_Exercise instructions_
Starting with the line that holds "Cyclagelosphaera sp A 22917", reproduce each line through the last one of the data, exactly as written. Pictures are not copied.

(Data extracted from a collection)
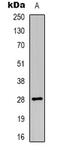 Major Histocompatibility Complex, Class II, DO Alpha antibody, abx133718, Abbexa, Western Blot image 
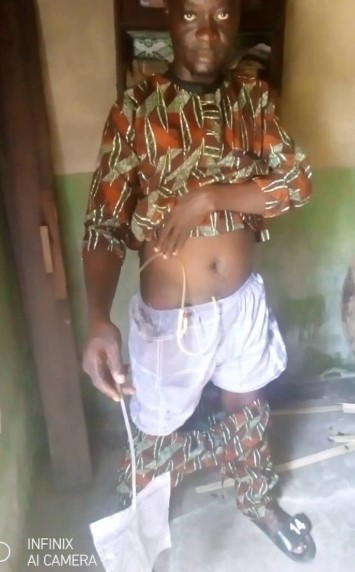 14 years of pain: House painter seeks N1.2m for life-changing surgery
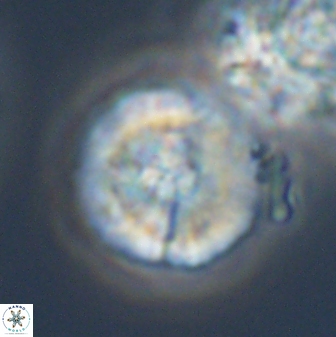 Cyclagelosphaera sp A 22917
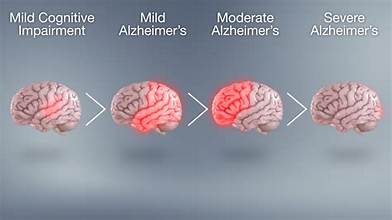Alzheimer’s disease (AD)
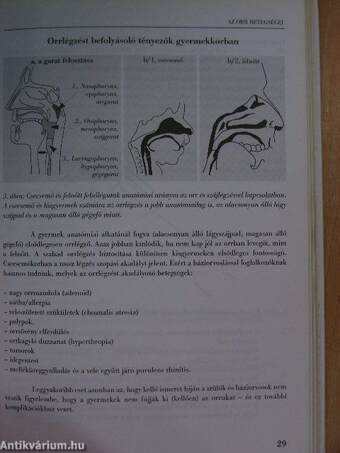 Gyermek fül-orr-gégészeti útmutató háziorvosoknak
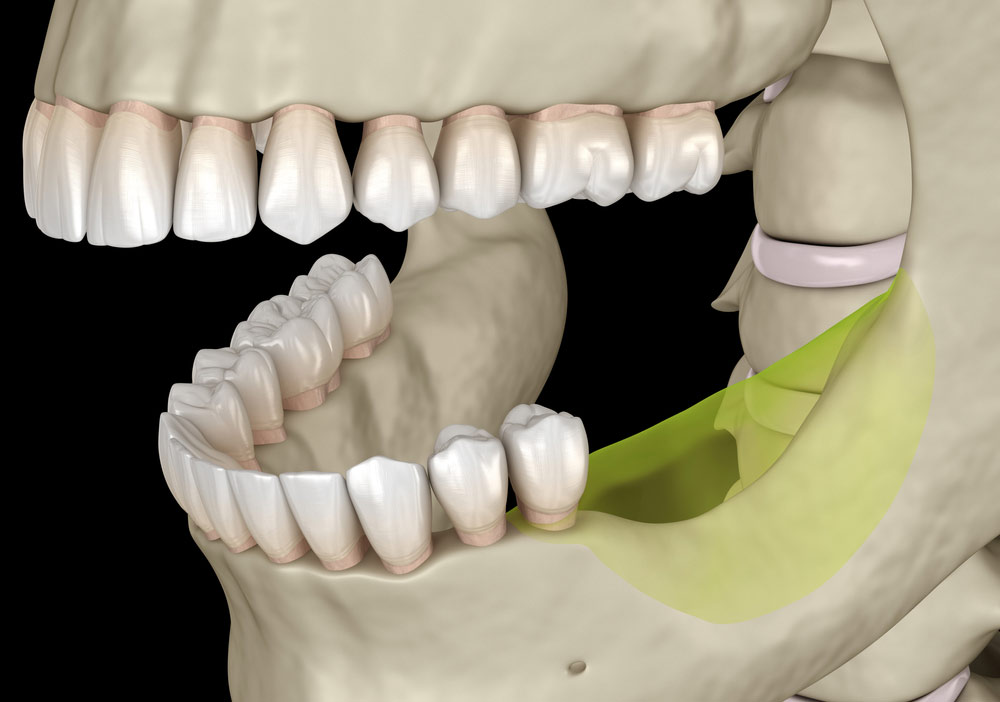 Bone loss in jaw from missing teeth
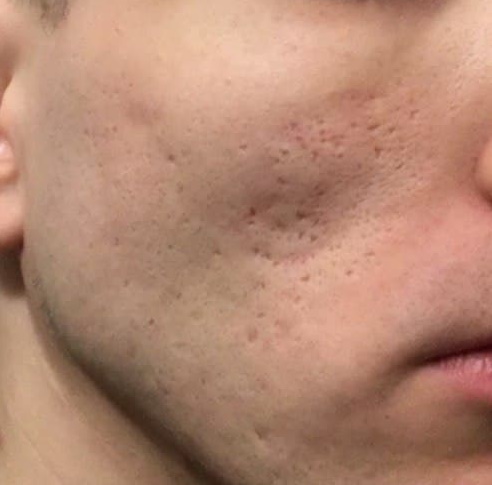 Acne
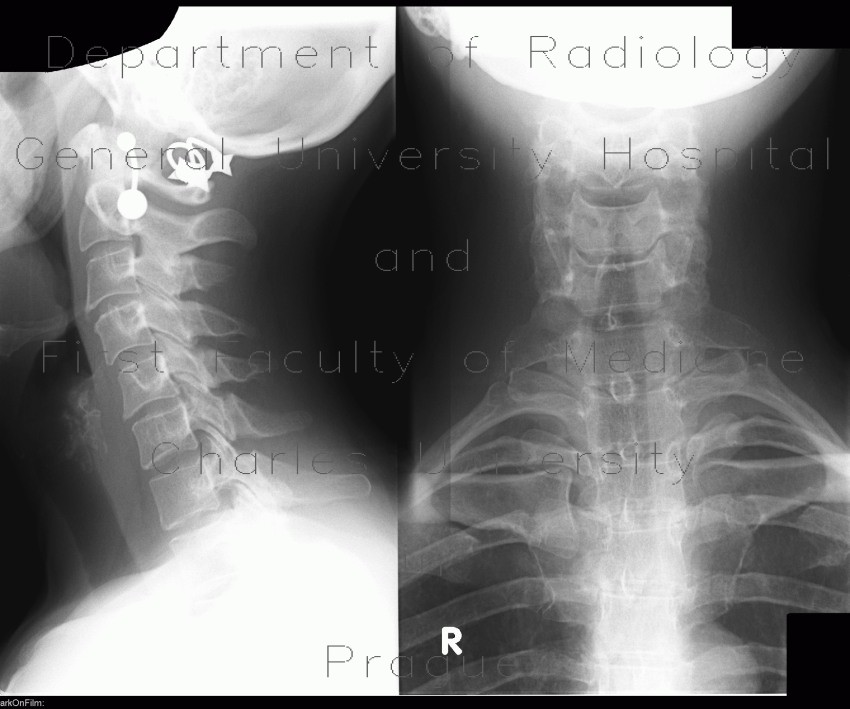 Radiology image - Processus megatransversus: Spine and Axial, Bone: X-ray - Plain radiograph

_Result of the task_
 Cyclagelosphaera sp A 22917
Alzheimer’s disease (AD)
 Gyermek fül-orr-gégészeti útmutató háziorvosoknak
 Bone loss in jaw from missing teeth
 Acne
 Radiology image - Processus megatransversus: Spine and Axial, Bone: X-ray - Plain radiograph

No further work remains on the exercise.